In fact, the emotional torture both endure (one by suppressing the agony, one by wallowing within it) ultimately is how both return to each other emotionally in an effort to rebuild their life together.
Becca and Howie move through their lives, physically together but emotionally apart after the loss of their son, Danny. While he takes great comfort in a support group for parents who've lost children, Becca finds the platitudes she hears contemptible and foolish. She is especially aggravated by Kevin and Gabby (Steven Mailer and Sandra Oh), who continue coming to Group as all refer to it even after eight years since their child has died.
Becca makes it very clear she won't go back, but Howie continues to go. It appears that no matter where she turns, Becca finds reminders of children: in Danny's room, the child seat still in the car, with her own mother Nat (Dianne Wiest), who still carries memories of the thirty-year-old son she lost, and with her reckless sister Izzy (Tammy Blanchard), who has no job prospects but is pregnant by her musician boyfriend Augie (Giancarlo Esposito).
As much as Becca strives to move beyond Danny's death, Howie can't seem to put his ghost away. Every night, he takes his phone and looks at the last video he took of his family when they were all together and happy. Howie nurtures and cradles the images as if they were Danny himself.
Eventually, their divergent views on how to deal with Danny's death is to seek out comfort not with each other, but with other people, one with the one who hurts like him and the other with the one who inadvertently hurt her. Becca spies Jason (Miles Tenner), the teen who accidentally killed Danny in that accident, and begins to meet with him.
She discovers Jason to be a simple teen who is quiet and almost innocent about his role in Danny's death. He apologizes to Becca by telling her he might have been going faster than the speed limit: instead of going thirty miles per hour, he might have been going thirty-one, maybe thirty-two. Jason gives her a copy of the comic book he created, called Rabbit Hole, and tells her the story he created that involves alternate universes.
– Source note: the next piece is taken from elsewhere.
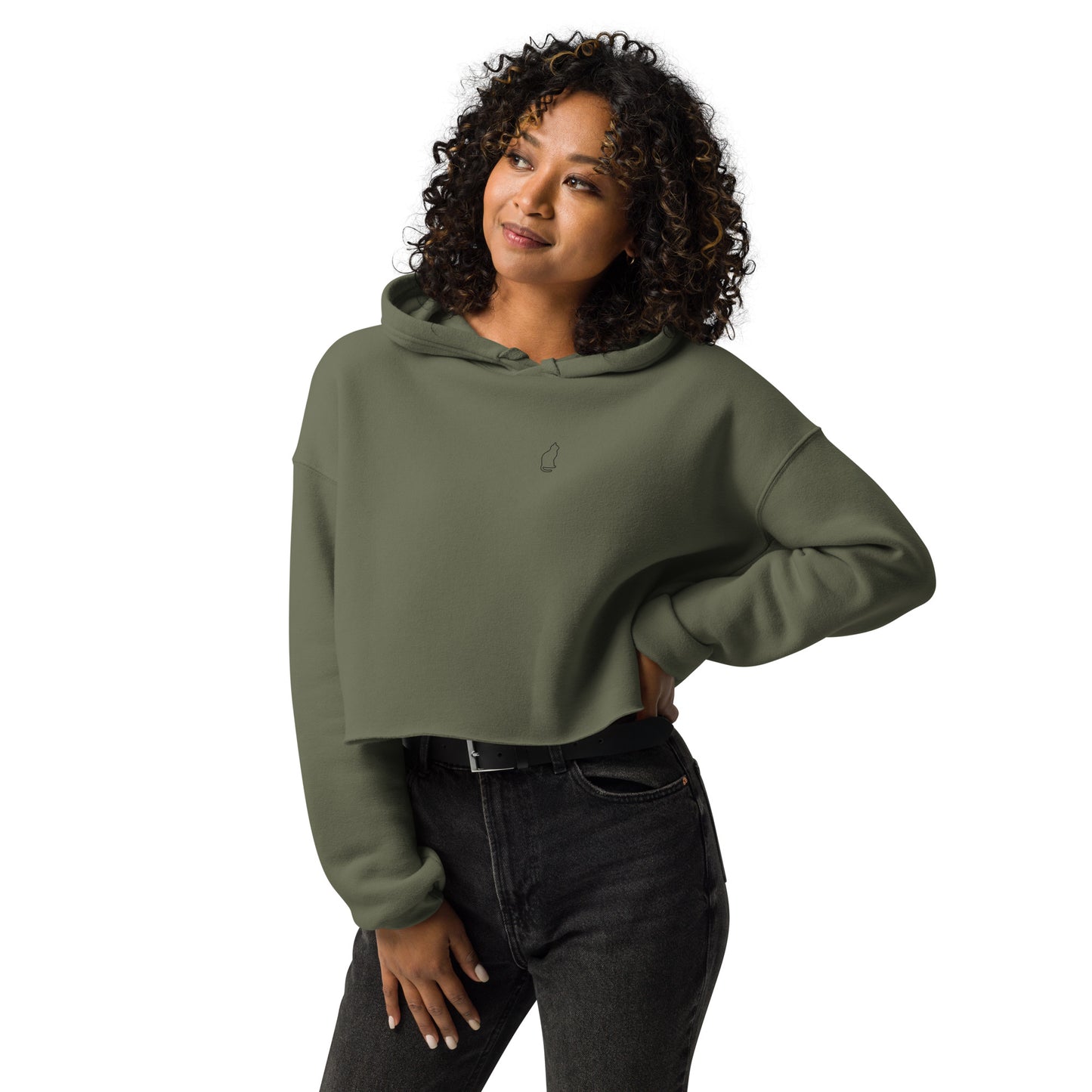 Cat Silhouette Crop Hoodie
By the end of Rabbit Hole, Becca does confront the agony she thinks she's stronger than, Howie accepts that he does have to let go, and both see that there can be life after death.
Whatever discomfort there is in the subject matter is handled with great care by David Lindsay-Abaire (adapting his stage play) and director John Cameron Mitchell. Lindsay-Abaire creates for the most part realistic people and situations to inhabit Becca and Howie's world.
There is a birthday party for Izzy at a bowling alley where Becca believes that her non-baby related gift is inappropriate to a maternity outfit Nat has given her younger daughter. Becca, in a barely concealed tone of frustration, insists on taking it back and giving her something more related to Izzy's condition, even after Izzy insists her gift is fine. There is even a resulting fight between Becca and Nat over the comparisons between the loss of their children, and it all sounds authentic, real, not like dialogue.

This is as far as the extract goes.